[[ Data segment open ]]

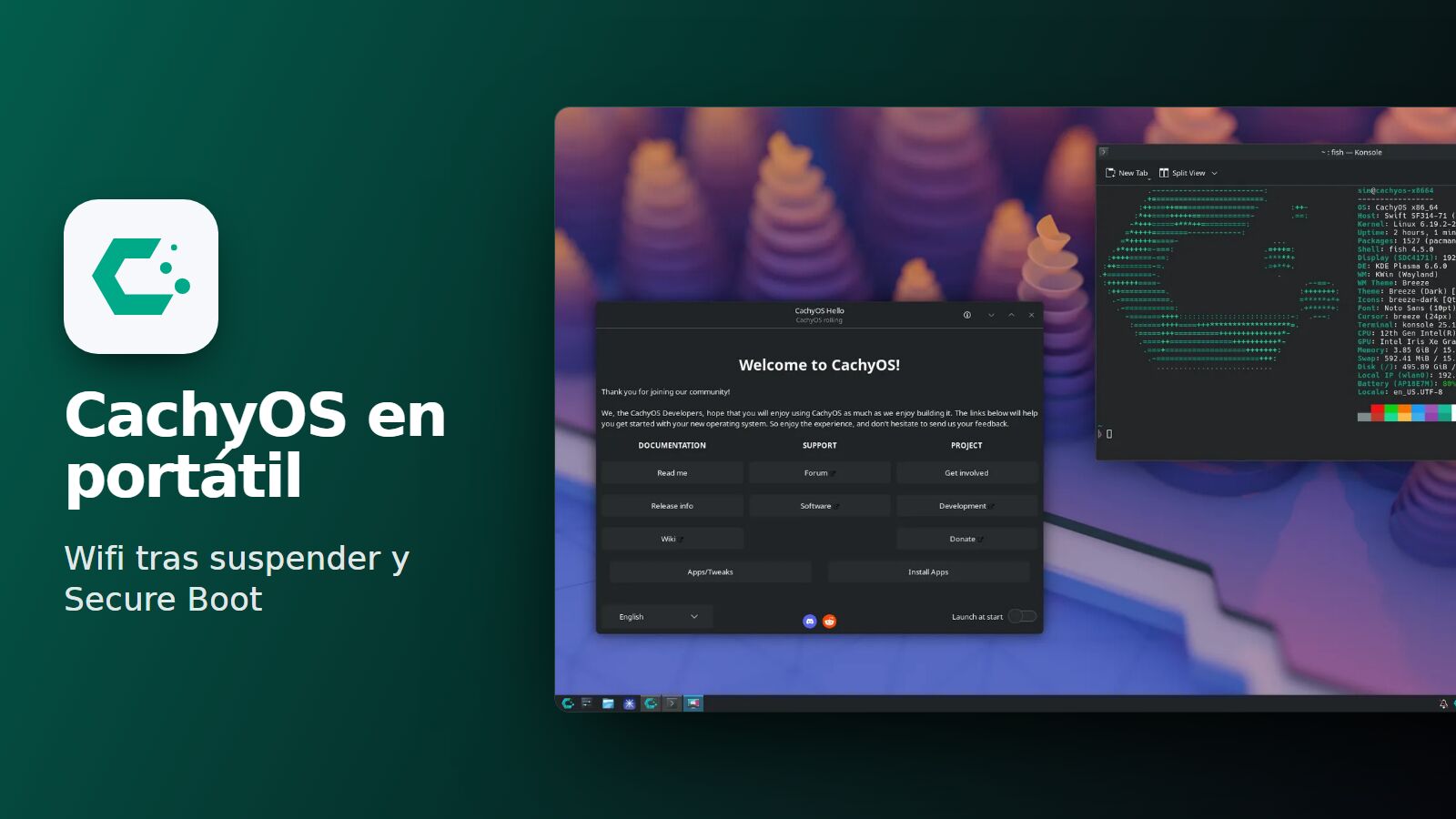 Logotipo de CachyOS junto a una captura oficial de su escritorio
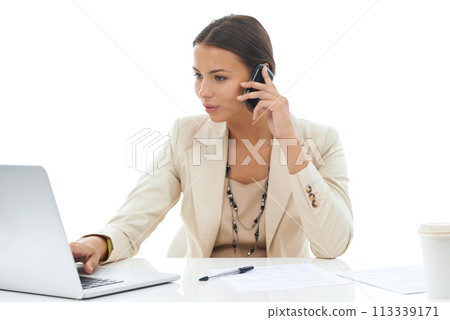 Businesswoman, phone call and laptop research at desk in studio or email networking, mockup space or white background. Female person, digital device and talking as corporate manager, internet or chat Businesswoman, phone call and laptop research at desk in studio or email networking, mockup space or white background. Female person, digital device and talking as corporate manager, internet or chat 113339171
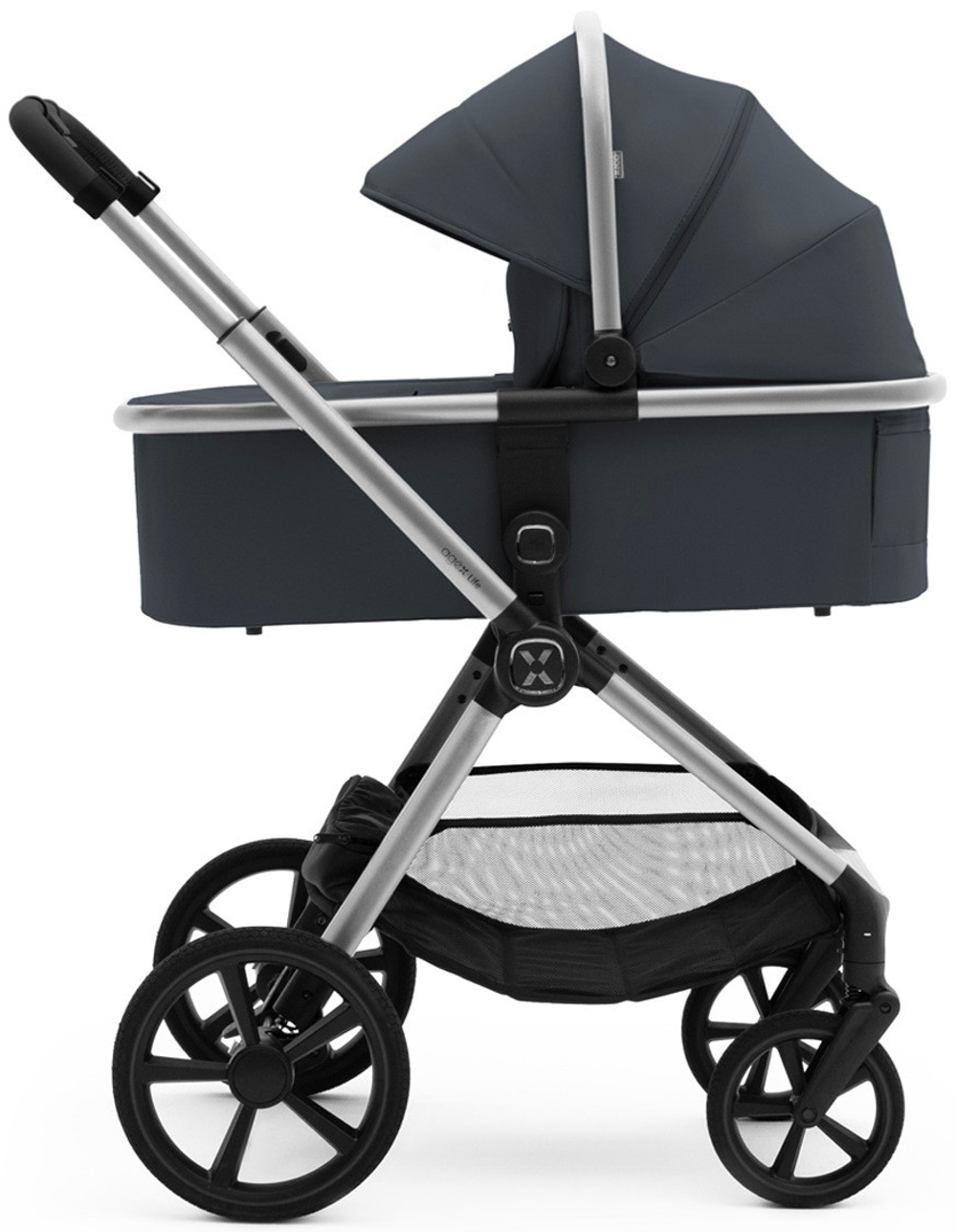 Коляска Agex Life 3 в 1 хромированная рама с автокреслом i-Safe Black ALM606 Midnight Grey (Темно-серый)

[[ Data segment closed ]]

◆ **What to work on**
When copying the material, leave every image behind and keep each line verbatim.

◆ **Response to this task**
 Logotipo de CachyOS junto a una captura oficial de su escritorio
 Businesswoman, phone call and laptop research at desk in studio or email networking, mockup space or white background. Female person, digital device and talking as corporate manager, internet or chat Businesswoman, phone call and laptop research at desk in studio or email networking, mockup space or white background. Female person, digital device and talking as corporate manager, internet or chat 113339171
 Коляска Agex Life 3 в 1 хромированная рама с автокреслом i-Safe Black ALM606 Midnight Grey (Темно-серый)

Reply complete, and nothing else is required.